Robert Indiana - Biography and Legacy
American Painter and Sculptor
New Castle, Indiana
Vinalhaven Island, Maine
Biography of Robert Indiana
Childhood and Education
Robert Indiana was adopted as an infant by Earl Clark and Carmen Watters Clark and named Robert Earl Clark. He grew up in a financially unstable environment, as his father held a wide range of jobs, from an oil executive to pumping gas. When Indiana was nine, his parents divorced and his mother went to work; her time as a diner waitress would be influential to Indiana's artistic career. A free spirit, his mother frequently moved; by age seventeen, Indiana had lived in twenty-one different locations.
Indiana's early interest in art was initially encouraged by his first grade teacher, who thrilled him when she asked to keep a few of his drawings because she knew he would be a famous artist one day. Forty years later, Indiana visited this teacher who showed him the saved drawings; he then signed them again as a successful artist.
Graduating high school in 1946, Indiana enlisted in the U.S. Air Force, intending to fund his college studies through the G.I. Bill. In 1949, with his service complete, he enrolled at the Art Institute of Chicago and also studied at the Skowhegan School of Painting and Sculpture in Maine and the Edinburgh College of Art in Scotland before earning his B.F.A. in 1954.

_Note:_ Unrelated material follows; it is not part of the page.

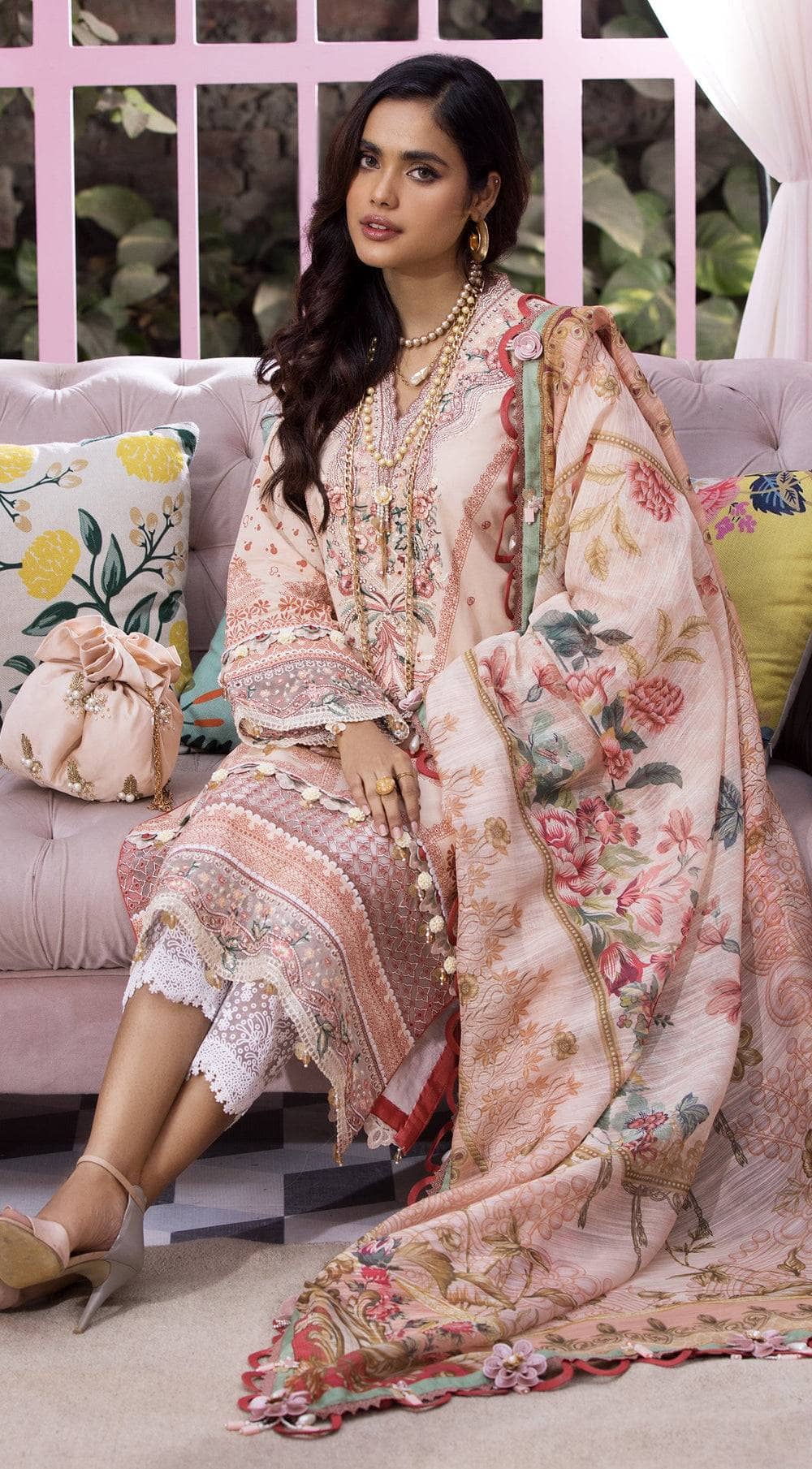 img_anaya_viva_lawn_22_awwal_boutique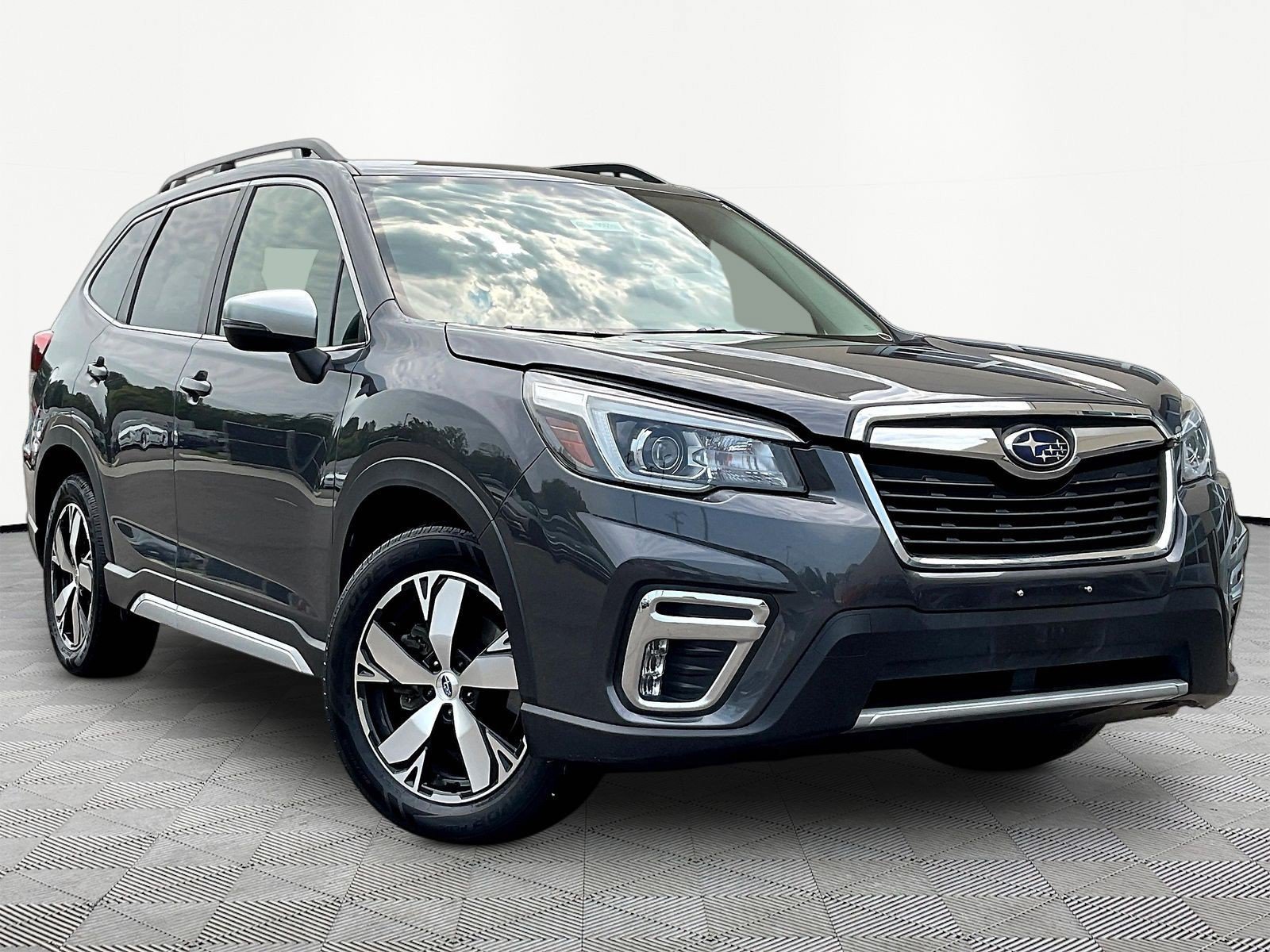 Used 2020 Subaru Forester Touring w/ Popular Package #2 AWD/4WD image 3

Although Indiana originally planned to settle in Chicago upon his return from Europe in 1954, his lack of funds kept him in New York. Once there, his job at an art supply store led to a fortuitous 1956 meeting with the artist Ellsworth Kelly who entered the store to purchase a postcard that Indiana had used in a window display. The two became romantically involved and Kelly both encouraged him to move to the Coenties Slip area of lower Manhattan and to begin creating hard-edge paintings.
The move, which brought him into a community of artists, proved highly influential to Indiana's work. Discarded materials, including metal, wheels, and pieces of wood, from the neighborhood's abandoned shipyards and warehouses were used to make some of his earliest "herms" sculptures. The discovery of a box of 19th century brass stencils in a friend's loft inspired him to include his first words into his works. These materials would define Indiana's approach and give him the tools to integrate the ordinary and common into a history of fine art; words became a way to layer meaning and to blend the personal with the universal. Taken with understanding American identity, especially through popular culture, the artist redefined himself, changing his last name to "Indiana" in honor of his home state.
Words became a prominent theme in Indiana's work. While his graphic style and use of popular language were similar to the artists of the new Pop art movement, Indiana was uncomfortable with this label. He did interact with the group, including an appearance in Andy Warhol's 35 minute film Eat (1963) (which featured Indiana eating one single mushroom), but ultimately, Indiana distinguished himself from the main Pop movement through the autobiographical nature of his work and in creating art that overtly addressed contemporary political and social themes, such as the struggle for Civil Rights.
In 1966, Indiana exhibited his first "LOVE" works, which featured the word itself, stacked in two rows with the "O" slightly tilted. While simple, the word made a powerful statement at a time of national and international unrest. Embraced the world over, "LOVE" proved a source of inspiration even for John Lennon. While viewing an exhibition of Indiana's prints, Lennon responded to a comment that love was surrounding him by replying "All you need is love." This statement would amplify Indiana's message, becoming the title for the Beatle's hit song in 1967 and an indelible and still-popular slogan.
Proud to be "a people's painter," Indiana is proficient in many media. In addition to his well-known sculpted versions of LOVE, he has made prints and posters, designed costumes and sets for the opera The Mother of Us All, and even created the floor design for the Milwaukee, Wisconsin's MECCA Arena basketball court in 1997.
A fiercely private person, Indiana moved to Maine's remote Vinalhaven Island in 1978. Despite his physical retreat, his work is still deeply inspired by contemporary events and activist in nature. In response to September 11, he created the painting Afghanistan (2001) and boarded up the windows on the first floor of his home to paint them with images of the American flag. America's 2003 invasion of Iraq inspired his Peace Paintings series. In 2008, Indiana made an artistic statement of support for Barack Obama's presidential campaign with the print HOPE, created in the same graphic style as his "LOVE" works.
Indiana's importance as an artist was affirmed in 2013 with a retrospective at the Whitney Museum of American Art. It was his first major show in New York City, and it marked a coming home of sorts for the artist.
The Legacy of Robert Indiana
Although often having expressed reluctance in being so categorized, Robert Indiana's art greatly shaped the Pop art movement. While his hard-edge style and appropriation have much in common with his Pop peers, he transcended the classification. Through his use of non-art materials and the incorporation of words into his art, he has laid the foundation for many contemporary artists such as Glenn Ligon and Jenny Holzer, not only in their use of text and media, but in their activism as well. He provided an example of how to create work that was both deeply personal and universal, work with a clear message that could also be open to interpretation, work that spoke of its own time and reflected on contemporary events, but also carried a message to future generations.